Diffuser change upgraded to 0.26.3 along with MLPERF SD XL support #1135

ANSHUMAN87 · 2024-07-13T08:13:22Z

1. MLPERF SD XL inference related change unstreamed
2. All Diffuser changes upgraded to 0.26.3

JH...

HuggingFaceDocBuilderDev · 2024-07-13T08:17:09Z

The docs for this PR live here. All of your documentation changes will be reflected on that endpoint. The docs are available until 30 days after the last update.

sywangyi · 2024-07-15T06:59:06Z

@yuanwu2017 @cfgfung please be aware of it.

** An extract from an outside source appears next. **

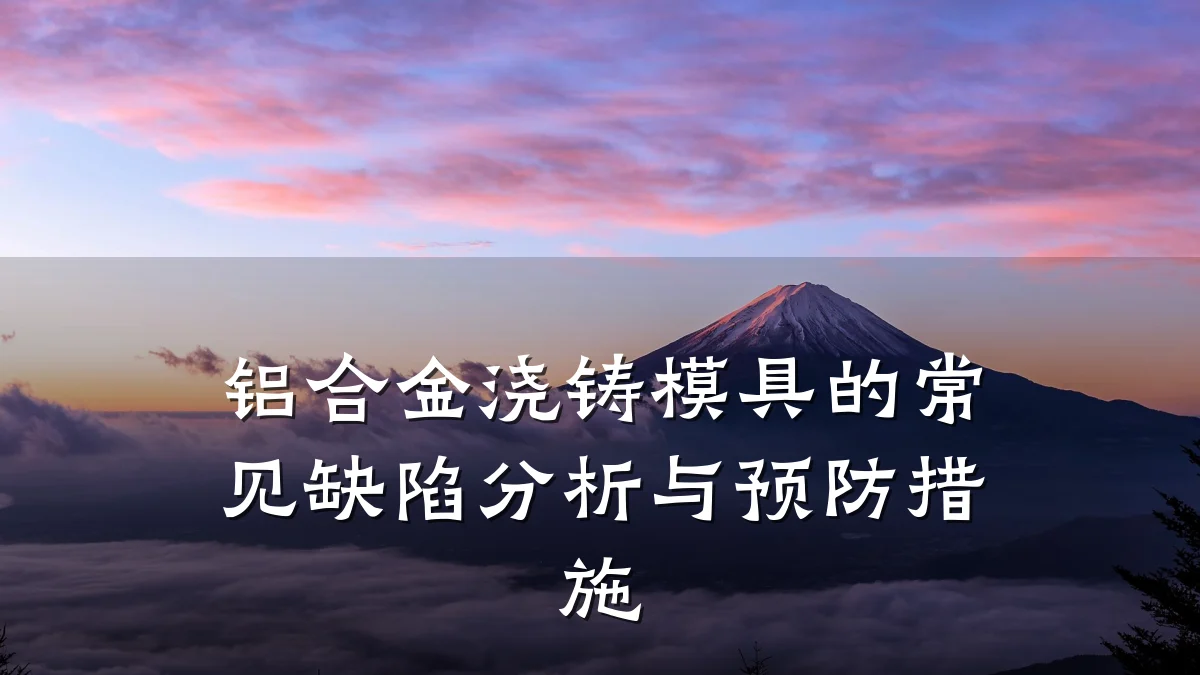 铝合金浇铸模具的常见缺陷分析与预防措施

dsocek · 2024-07-15T20:46:11Z

optimum/habana/diffusers/pipelines/stable_diffusion_xl/pipeline_stable_diffusion_xl.py

+    set_attn_processor_hpu(self, processor)
+
+
+class StableDiffusionXLPipeline_HPU(StableDiffusionXLPipeline):


May need some comments. Why do we introduce this new class in addition to GaudiStableDiffusionXLPipeline? Should we create a sample with this pipeline in examples?

StableDiffusionXLPipeline_HPU is not used in any example.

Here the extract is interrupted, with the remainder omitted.